▸ What needs to be done: Once you find the line with "Lot 6 Lloyd Harrison Road - Photo 1" in the data that follows, repeat it and every line after it exactly, through the line with "Sigma 150-600mm F5-6.3".
Start of Block
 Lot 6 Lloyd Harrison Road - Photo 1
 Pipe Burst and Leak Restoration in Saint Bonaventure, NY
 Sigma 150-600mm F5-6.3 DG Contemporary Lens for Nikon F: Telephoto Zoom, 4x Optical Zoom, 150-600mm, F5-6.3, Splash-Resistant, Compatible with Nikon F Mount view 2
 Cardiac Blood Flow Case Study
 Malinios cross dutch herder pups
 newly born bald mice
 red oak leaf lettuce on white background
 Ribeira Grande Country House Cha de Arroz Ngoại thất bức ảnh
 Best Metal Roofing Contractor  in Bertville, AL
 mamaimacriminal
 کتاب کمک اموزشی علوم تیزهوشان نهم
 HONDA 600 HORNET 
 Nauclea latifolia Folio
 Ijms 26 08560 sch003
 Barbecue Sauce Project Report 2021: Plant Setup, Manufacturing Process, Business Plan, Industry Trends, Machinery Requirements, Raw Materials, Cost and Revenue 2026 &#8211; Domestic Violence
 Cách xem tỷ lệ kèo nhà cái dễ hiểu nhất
End of Block
Start of Block
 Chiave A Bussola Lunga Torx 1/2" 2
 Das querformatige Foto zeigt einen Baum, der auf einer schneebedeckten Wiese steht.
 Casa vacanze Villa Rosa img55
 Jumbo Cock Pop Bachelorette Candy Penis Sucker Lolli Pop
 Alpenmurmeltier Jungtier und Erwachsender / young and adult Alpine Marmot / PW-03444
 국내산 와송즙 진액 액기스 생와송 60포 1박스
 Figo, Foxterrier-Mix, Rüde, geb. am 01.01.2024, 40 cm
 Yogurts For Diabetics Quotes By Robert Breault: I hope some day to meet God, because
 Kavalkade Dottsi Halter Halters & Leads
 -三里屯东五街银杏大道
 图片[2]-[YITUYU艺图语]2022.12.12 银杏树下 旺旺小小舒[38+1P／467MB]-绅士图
End of Block
Start of Block
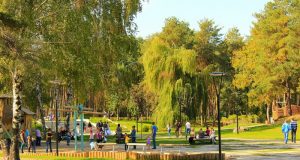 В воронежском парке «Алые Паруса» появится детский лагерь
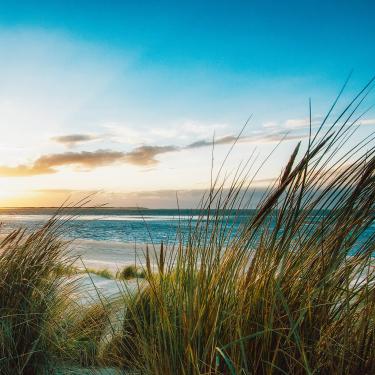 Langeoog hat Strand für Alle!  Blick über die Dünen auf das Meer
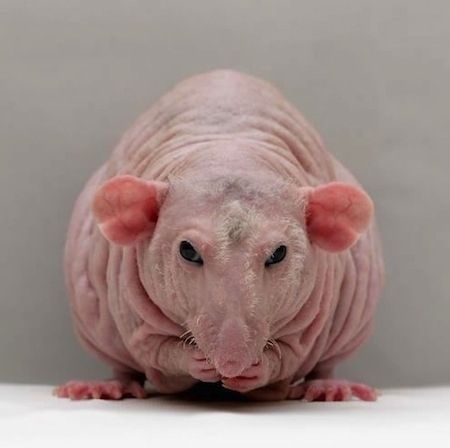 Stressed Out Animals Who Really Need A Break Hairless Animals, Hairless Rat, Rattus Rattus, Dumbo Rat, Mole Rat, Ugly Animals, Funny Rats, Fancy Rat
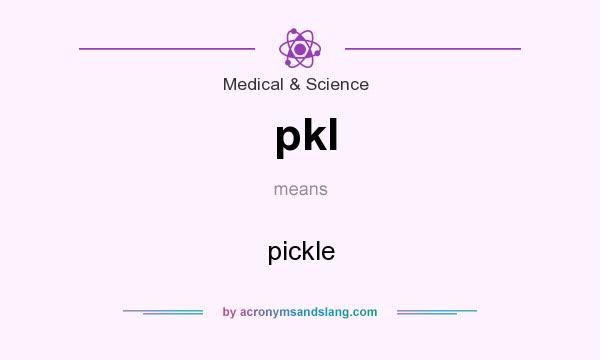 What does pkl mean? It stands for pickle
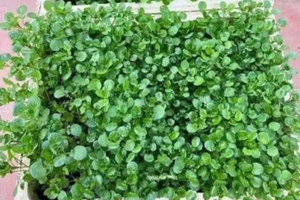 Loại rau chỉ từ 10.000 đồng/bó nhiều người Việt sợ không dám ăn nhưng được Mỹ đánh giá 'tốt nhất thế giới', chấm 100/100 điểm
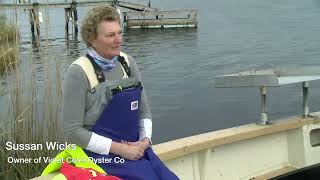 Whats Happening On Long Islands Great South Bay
End of Block
▸ Solution to the problem:
 Lot 6 Lloyd Harrison Road - Photo 1
 Pipe Burst and Leak Restoration in Saint Bonaventure, NY
 Sigma 150-600mm F5-6.3 DG Contemporary Lens for Nikon F: Telephoto Zoom, 4x Optical Zoom, 150-600mm, F5-6.3, Splash-Resistant, Compatible with Nikon F Mount view 2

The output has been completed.